The very first business you see when you cross from Idaho to Washington is McDonalds. The state of Idaho is so close, says owner Tim Skubitz, you can toss a rock into it. “Whenever we get folks from out of town, they get a real kick out of walking across the street and saying, ‘Hey, I just crossed state lines!’,” Skubitz exclaims.

“We’re the second ownership of this franchise up here,” says Skubitz. “And I couldn’t tell you what the logic was at the time of placing it in Newport — except it’s location, location, location.”

So, just to be clear: this McDonalds is in the state with the higher minimum wage, Washington. And this busy intersection is so profitable that it didn’t occur to Skubitz to move, even when he tore down the old McDonalds in 2011. He built a fancier new one in the same place — not in the state right across the street with the lower minimum wage, Idaho. He says wages are just one piece of a larger puzzle.

“Just because we’ve expanded our business shows that we’re growing our business and so with growing our business, I need more employees,” he says. “So we’ve grown substantially I’d say in the last year and a half.”

The researchers who studied neighboring counties across state lines say there are a couple of reasons why minimum wage increases turn out to be a wash for businesses overall. First, the wage hike reduces turnover. It also leads employers to invest more in worker training, which increases productivity.

Of course, there are some cases of high minimum wage making a business pick up and leave town. Robin Toth is the vice president of business development for Greater Spokane Incorporated. She’s engaged in what she calls a “friendly competition” with Idaho to recruit and keep business. And sometimes she loses.

“There was a bakery that went over to the Post Falls area several years ago,” Toth remembers. “It was because of the wages.”

But Toth says more often, the retailers and restaurants – the industries that pay minimum wage – follow the industries that pay much higher wages. Toth is courting manufacturing, professional services, and technology. She says they want to know about the workers.

“Can you show me how many people you have in this wage range, what type of skills do these people have, what’s your training program like?”, says Toth. “That’s what we hear anymore and it’s not, nickels and dimes.”

The skills gap is a challenge facing Idaho right now. People in the crucial 25-29 age bracket are leaving the state for higher paying jobs elsewhere. Meanwhile, retirees entering the state are pushing up demand in the service sector. Currently, Idaho has the largest share of minimum wage workers in the nation.
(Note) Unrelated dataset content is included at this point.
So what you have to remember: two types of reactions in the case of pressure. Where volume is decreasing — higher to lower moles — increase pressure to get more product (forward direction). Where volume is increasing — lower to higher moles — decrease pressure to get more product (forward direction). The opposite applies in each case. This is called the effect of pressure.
And there’s some indication that Washington’s higher minimum wage may be drawing some of those workers across the border. The Idaho Department of Labor says 18,000 people live in Idaho but work in Washington.

One of them is 29-year-old Sarah Wagner. She’s a barista at a Starbucks in Liberty Lake, Wash., just four miles from the Idaho border. Wagner says the starting pay here is higher than at her old Starbucks in Idaho, and she gets more breaks. So it’s worth the trip.

“I drive 16 miles each way and it’s worth every cent,” says Wagner.

But there are trade-offs. Back at the McDonalds in Newport, Wash., Tim Skubitz says he used to give employees a raise for each positive evaluation.

“I strongly believe it’s important to reward people frequently and often,” he says.

But the higher minimum wage in Washington gives him less flexibility to do that. Skubitz says, given a choice, he’d prefer to start people at Idaho’s minimum wage. But it’s not going to change his mind about doing business in Washington either.